===== Exercise data =====

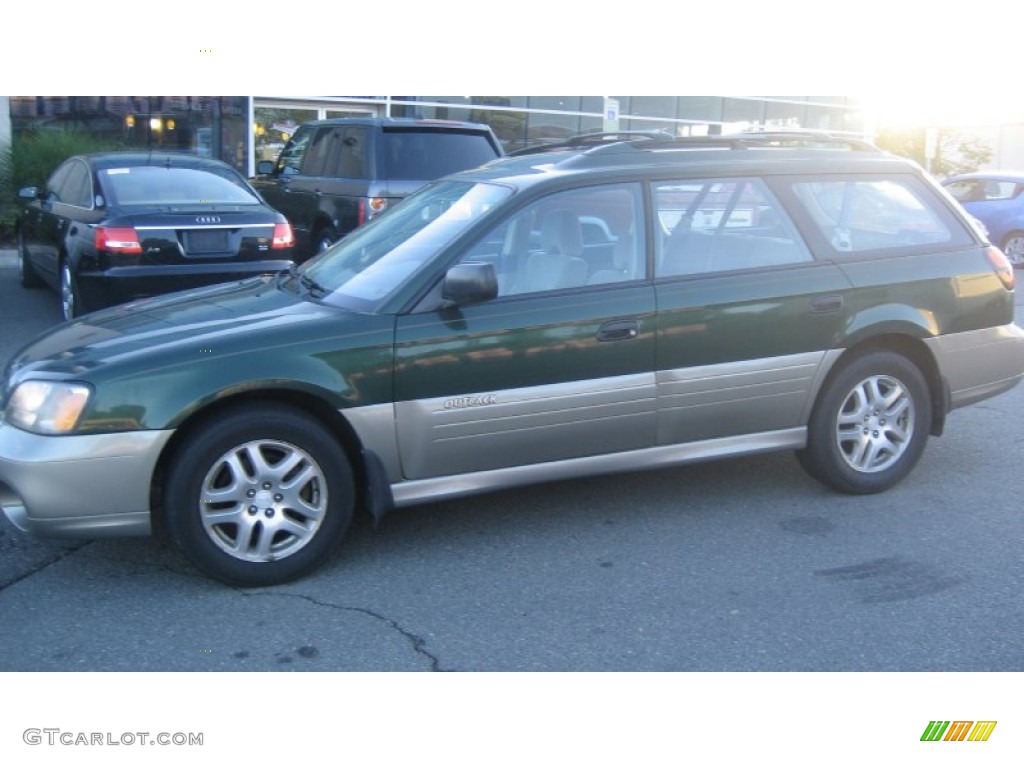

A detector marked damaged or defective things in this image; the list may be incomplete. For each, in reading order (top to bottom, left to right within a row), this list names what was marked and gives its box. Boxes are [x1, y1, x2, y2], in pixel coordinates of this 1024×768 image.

pavement crack [0, 540, 92, 592]
pavement crack [246, 592, 446, 668]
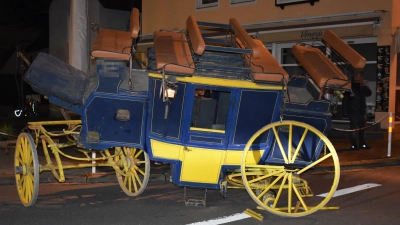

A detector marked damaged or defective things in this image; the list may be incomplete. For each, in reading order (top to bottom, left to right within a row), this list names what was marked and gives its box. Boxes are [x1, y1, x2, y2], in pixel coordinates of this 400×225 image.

detached wheel [14, 133, 39, 207]
detached wheel [115, 147, 150, 196]
detached wheel [241, 122, 340, 217]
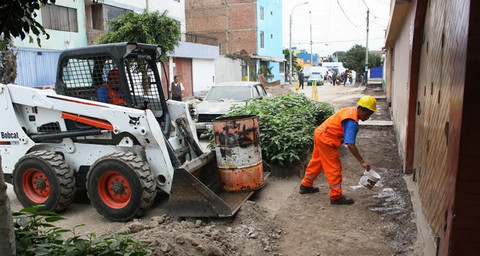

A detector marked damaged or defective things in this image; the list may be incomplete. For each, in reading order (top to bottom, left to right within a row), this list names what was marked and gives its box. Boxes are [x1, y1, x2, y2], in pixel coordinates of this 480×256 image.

rusty metal drum [213, 115, 264, 191]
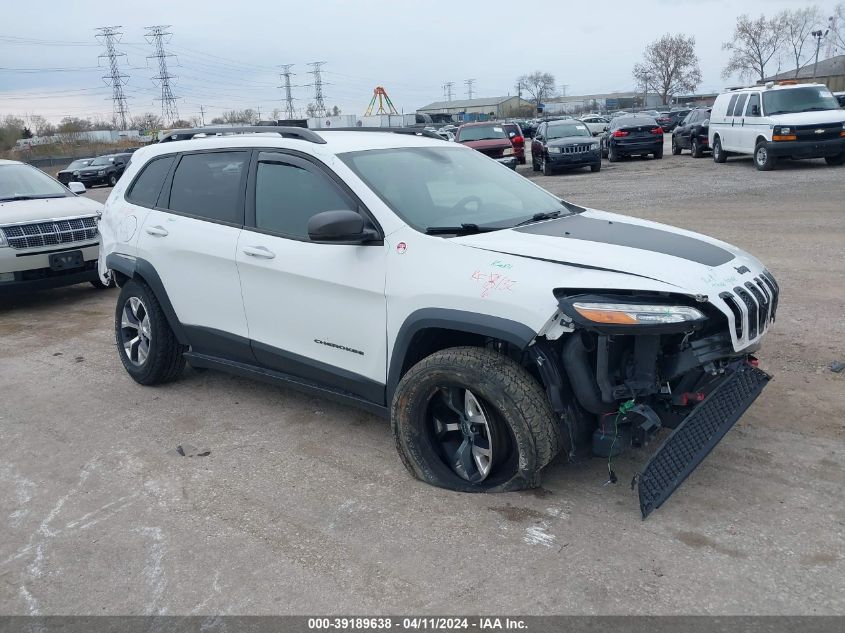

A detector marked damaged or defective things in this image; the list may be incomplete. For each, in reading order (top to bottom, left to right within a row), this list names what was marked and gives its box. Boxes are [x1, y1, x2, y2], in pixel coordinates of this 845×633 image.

cracked headlight [572, 302, 704, 324]
front-end damage [532, 278, 776, 516]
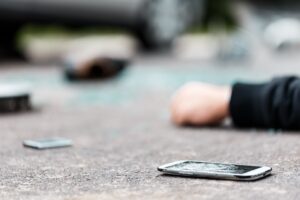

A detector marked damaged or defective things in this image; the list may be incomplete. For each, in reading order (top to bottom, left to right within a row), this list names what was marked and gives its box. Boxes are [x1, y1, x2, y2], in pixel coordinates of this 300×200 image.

broken smartphone [158, 161, 270, 181]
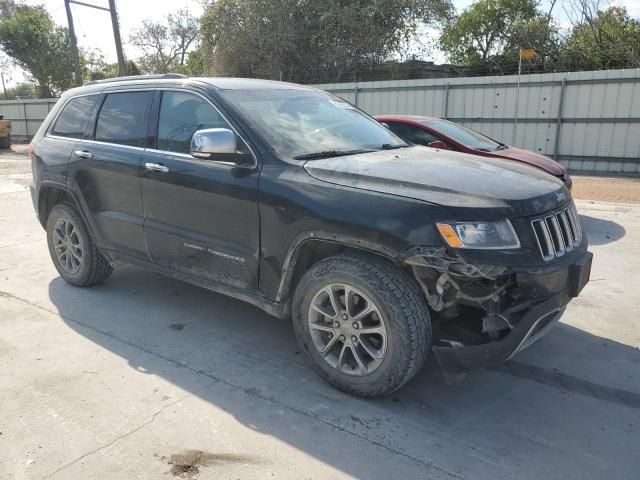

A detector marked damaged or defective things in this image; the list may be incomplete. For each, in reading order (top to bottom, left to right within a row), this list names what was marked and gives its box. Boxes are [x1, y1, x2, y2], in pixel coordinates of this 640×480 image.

cracked headlight [436, 220, 520, 249]
front bumper damage [408, 248, 592, 382]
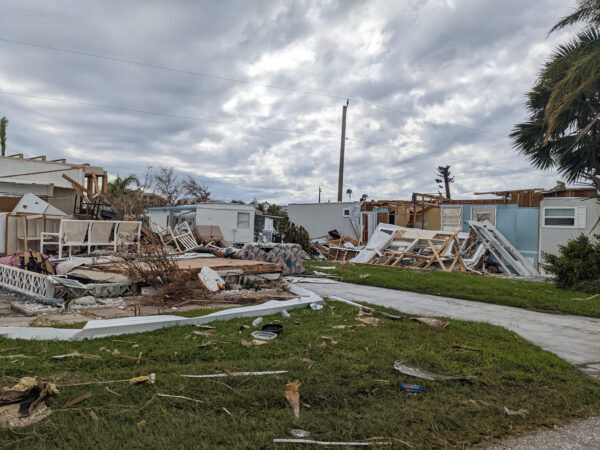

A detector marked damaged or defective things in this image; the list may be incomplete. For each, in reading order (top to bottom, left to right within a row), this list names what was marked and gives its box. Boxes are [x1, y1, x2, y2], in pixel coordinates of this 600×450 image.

=====

* _The task_: Once you find the line that contains "this 480×256 image.", reproduce it and every line after it through the end of the entries above, exactly as written, with no pictures.

* _Problem solution_:
A detector marked damaged or defective things in this image; the list may be incomplete. For each, in reading order (top to bottom, left to right within a row), this list names what was marked and gives its box. Boxes are [x1, y1, x2, y2], in pixel coordinates of this 480×256 image.

rusty metal drum [213, 115, 264, 191]

A detector marked damaged or defective things in this image; the list may be incomplete. For each, in reading order (top to bottom, left to right within a row), this list names what was marked and gives its box. Boxes are [x1, y1, x2, y2], in pixel coordinates of this 845×633 image.

cracked headlight [572, 302, 704, 324]
front-end damage [532, 278, 776, 516]

A detector marked damaged or defective things in this image; the list may be incomplete. For each, in reading order (top to bottom, left to right within a row), this list names what was marked and gives its box. Boxes are [x1, y1, x2, y2], in pixel coordinates of this 300×200 image.

broken smartphone [158, 161, 270, 181]

A detector marked damaged or defective things in this image; the list may be incomplete. For each, in reading order (top to bottom, left to right within a row), this list names what was marked and gives its box. Boxes are [x1, y1, x2, y2], in pixel coordinates of this 640×480 image.

cracked headlight [436, 220, 520, 249]
front bumper damage [408, 248, 592, 382]

A detector marked damaged or defective things in this image; the list may be incomplete. For each, in reading order (top to bottom, left to right within a row), this list names what was marked and gives its box. Boxes are [x1, y1, x2, y2], in pixel coordinates of this 600×450 image.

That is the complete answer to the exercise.